Data extract →
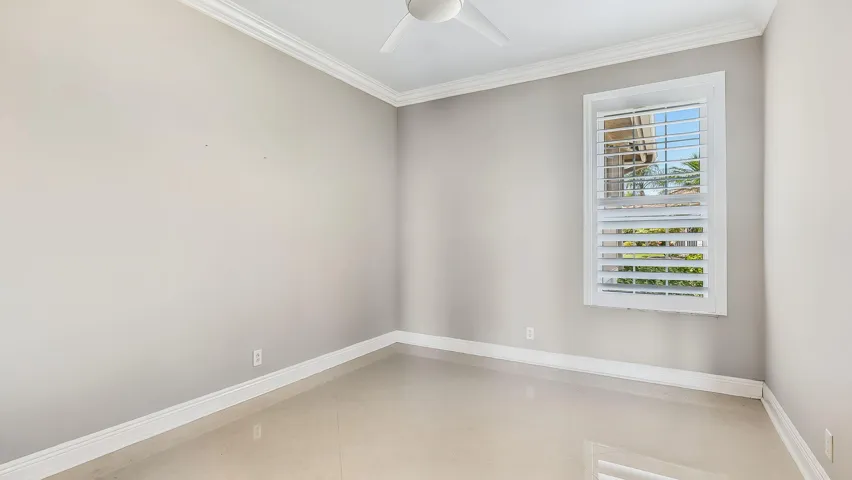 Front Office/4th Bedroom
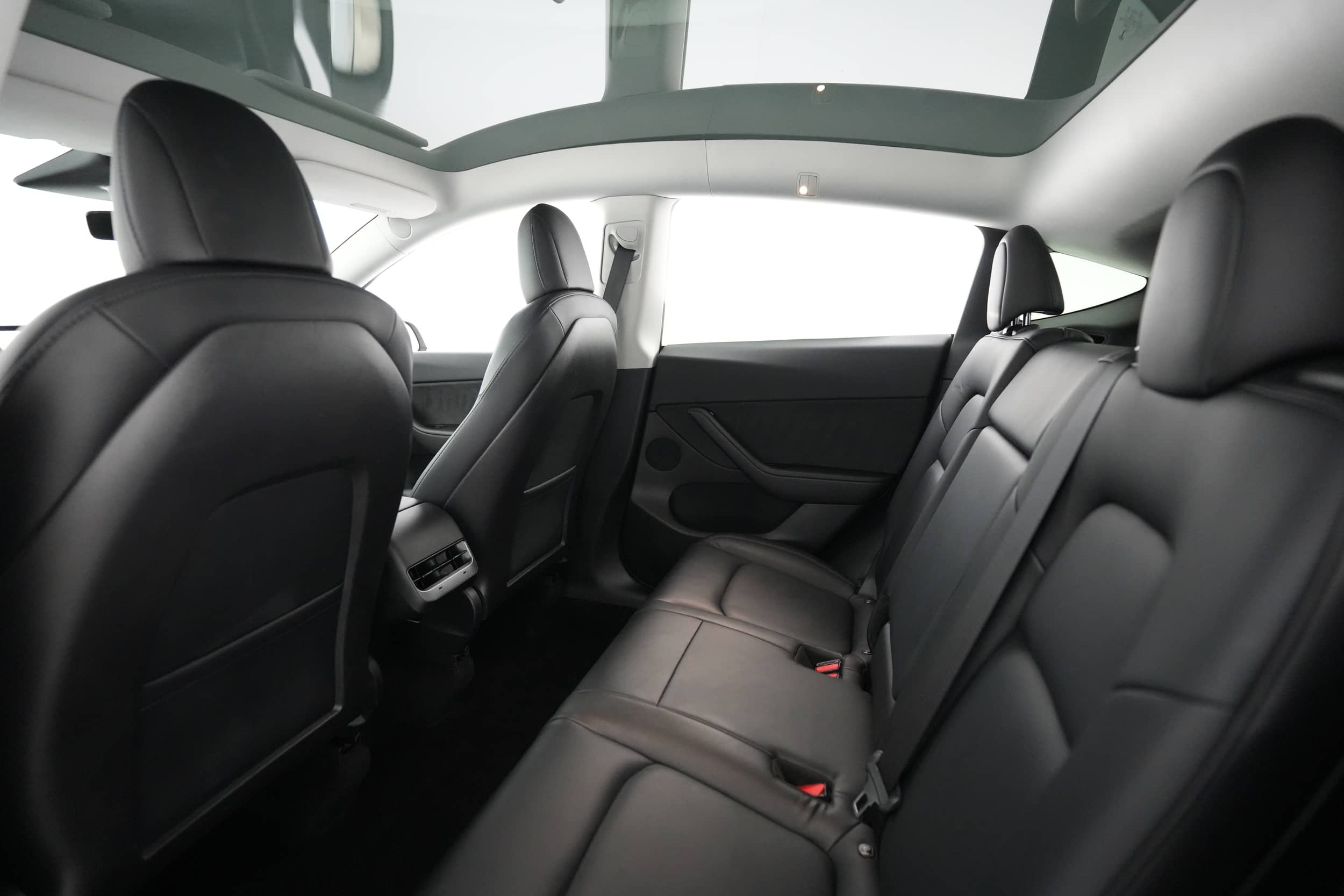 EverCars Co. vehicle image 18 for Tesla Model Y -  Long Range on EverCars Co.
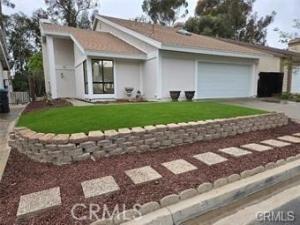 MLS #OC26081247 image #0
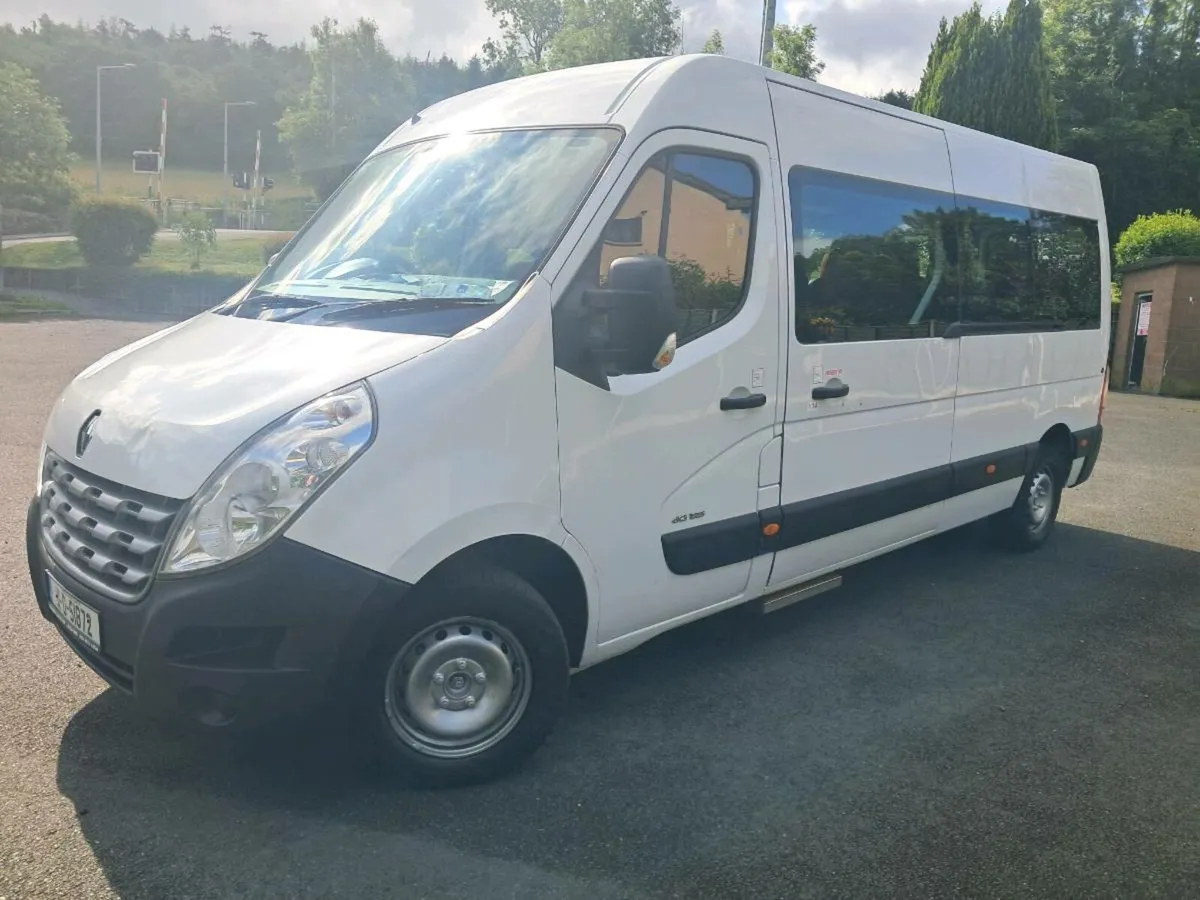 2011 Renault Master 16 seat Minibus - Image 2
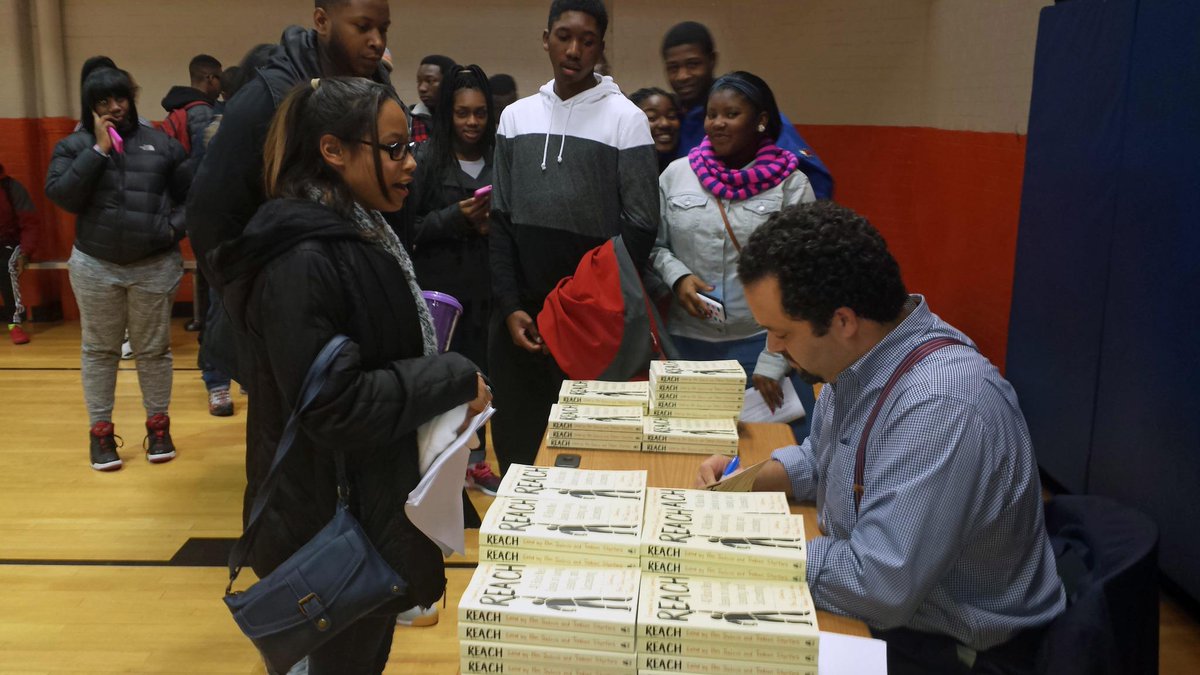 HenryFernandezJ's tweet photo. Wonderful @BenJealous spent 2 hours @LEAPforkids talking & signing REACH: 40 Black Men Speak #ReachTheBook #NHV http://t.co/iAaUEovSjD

Brief → The answer must repeat every line of the listing exactly and leave the pictures out.

Answer area →
 Front Office/4th Bedroom
 EverCars Co. vehicle image 18 for Tesla Model Y -  Long Range on EverCars Co.
 MLS #OC26081247 image #0
 2011 Renault Master 16 seat Minibus - Image 2
 HenryFernandezJ's tweet photo. Wonderful @BenJealous spent 2 hours @LEAPforkids talking & signing REACH: 40 Black Men Speak #ReachTheBook #NHV http://t.co/iAaUEovSjD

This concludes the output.